* **What is being asked**
Each line starting at the one that contains "Vonkajšia záhrada v" and ending at the one that contains "Hotel Manin — Hotel rooms in Milan, Lombardy" must be returned exactly, and the rest of the listing is left out.

* **Data extracts**
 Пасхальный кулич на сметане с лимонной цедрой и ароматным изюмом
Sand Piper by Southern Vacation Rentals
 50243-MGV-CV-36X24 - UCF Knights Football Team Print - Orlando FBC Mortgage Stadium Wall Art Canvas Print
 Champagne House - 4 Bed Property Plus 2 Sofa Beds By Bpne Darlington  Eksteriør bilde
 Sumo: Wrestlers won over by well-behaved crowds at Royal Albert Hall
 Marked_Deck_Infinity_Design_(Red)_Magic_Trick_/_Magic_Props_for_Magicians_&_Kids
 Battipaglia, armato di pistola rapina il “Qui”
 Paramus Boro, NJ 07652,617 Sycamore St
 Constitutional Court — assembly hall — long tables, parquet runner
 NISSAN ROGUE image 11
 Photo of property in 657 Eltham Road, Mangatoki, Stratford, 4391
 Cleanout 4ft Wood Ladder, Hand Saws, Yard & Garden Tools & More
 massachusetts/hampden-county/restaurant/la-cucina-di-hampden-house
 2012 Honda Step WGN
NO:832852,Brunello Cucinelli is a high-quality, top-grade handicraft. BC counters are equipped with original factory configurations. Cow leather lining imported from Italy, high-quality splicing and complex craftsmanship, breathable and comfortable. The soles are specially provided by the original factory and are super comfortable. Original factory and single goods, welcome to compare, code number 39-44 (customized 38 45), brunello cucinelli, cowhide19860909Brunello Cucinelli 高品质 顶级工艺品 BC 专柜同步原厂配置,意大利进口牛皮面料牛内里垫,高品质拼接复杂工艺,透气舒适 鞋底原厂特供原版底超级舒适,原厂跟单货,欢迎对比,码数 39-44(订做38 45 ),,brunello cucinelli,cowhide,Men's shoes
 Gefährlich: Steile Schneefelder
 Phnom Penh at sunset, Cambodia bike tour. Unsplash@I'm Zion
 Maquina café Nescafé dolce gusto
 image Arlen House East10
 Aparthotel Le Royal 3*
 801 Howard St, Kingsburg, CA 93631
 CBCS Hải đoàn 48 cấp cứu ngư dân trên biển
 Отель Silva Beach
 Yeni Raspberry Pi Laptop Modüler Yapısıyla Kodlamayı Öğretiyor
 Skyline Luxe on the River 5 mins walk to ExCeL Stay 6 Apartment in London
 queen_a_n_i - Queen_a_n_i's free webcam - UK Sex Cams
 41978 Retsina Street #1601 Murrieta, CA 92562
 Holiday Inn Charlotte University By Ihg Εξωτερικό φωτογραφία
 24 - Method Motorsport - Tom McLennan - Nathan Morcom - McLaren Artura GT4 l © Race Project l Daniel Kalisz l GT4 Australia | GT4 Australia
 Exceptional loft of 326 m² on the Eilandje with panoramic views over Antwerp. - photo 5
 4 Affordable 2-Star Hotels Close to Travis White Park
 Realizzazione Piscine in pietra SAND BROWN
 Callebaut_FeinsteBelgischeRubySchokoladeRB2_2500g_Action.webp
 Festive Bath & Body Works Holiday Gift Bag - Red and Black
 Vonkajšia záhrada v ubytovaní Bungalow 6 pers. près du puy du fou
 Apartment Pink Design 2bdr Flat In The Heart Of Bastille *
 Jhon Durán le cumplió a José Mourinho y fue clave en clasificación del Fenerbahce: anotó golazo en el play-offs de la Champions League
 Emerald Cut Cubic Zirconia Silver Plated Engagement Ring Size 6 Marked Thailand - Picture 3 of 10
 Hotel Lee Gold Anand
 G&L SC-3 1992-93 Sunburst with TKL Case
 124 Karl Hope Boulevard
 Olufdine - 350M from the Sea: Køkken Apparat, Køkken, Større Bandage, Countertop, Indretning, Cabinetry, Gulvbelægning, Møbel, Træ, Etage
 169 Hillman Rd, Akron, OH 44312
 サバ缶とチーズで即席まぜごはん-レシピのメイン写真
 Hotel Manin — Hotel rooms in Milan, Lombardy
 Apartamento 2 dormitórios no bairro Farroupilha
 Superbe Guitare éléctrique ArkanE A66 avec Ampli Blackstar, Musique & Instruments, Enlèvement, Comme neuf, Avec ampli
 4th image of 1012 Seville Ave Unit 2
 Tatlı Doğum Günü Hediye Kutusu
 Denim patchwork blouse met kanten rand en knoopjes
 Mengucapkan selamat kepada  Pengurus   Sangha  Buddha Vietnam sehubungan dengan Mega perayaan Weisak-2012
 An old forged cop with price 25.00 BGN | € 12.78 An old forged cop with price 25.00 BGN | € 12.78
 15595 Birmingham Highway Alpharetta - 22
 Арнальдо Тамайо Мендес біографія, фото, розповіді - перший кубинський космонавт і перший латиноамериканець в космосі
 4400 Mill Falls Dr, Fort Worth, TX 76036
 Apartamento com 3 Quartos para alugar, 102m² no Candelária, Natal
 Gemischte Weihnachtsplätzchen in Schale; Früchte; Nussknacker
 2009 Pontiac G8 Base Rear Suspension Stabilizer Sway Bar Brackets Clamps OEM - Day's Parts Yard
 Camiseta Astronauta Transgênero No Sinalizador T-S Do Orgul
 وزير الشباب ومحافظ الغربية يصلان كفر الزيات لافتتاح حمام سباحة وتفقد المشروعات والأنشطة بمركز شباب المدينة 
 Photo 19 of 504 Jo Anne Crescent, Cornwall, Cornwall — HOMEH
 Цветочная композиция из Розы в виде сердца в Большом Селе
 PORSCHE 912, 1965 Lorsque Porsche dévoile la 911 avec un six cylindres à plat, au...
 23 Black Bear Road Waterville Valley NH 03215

* **Result for this exercise**
 Vonkajšia záhrada v ubytovaní Bungalow 6 pers. près du puy du fou
 Apartment Pink Design 2bdr Flat In The Heart Of Bastille *
 Jhon Durán le cumplió a José Mourinho y fue clave en clasificación del Fenerbahce: anotó golazo en el play-offs de la Champions League
 Emerald Cut Cubic Zirconia Silver Plated Engagement Ring Size 6 Marked Thailand - Picture 3 of 10
 Hotel Lee Gold Anand
 G&L SC-3 1992-93 Sunburst with TKL Case
 124 Karl Hope Boulevard
 Olufdine - 350M from the Sea: Køkken Apparat, Køkken, Større Bandage, Countertop, Indretning, Cabinetry, Gulvbelægning, Møbel, Træ, Etage
 169 Hillman Rd, Akron, OH 44312
 サバ缶とチーズで即席まぜごはん-レシピのメイン写真
 Hotel Manin — Hotel rooms in Milan, Lombardy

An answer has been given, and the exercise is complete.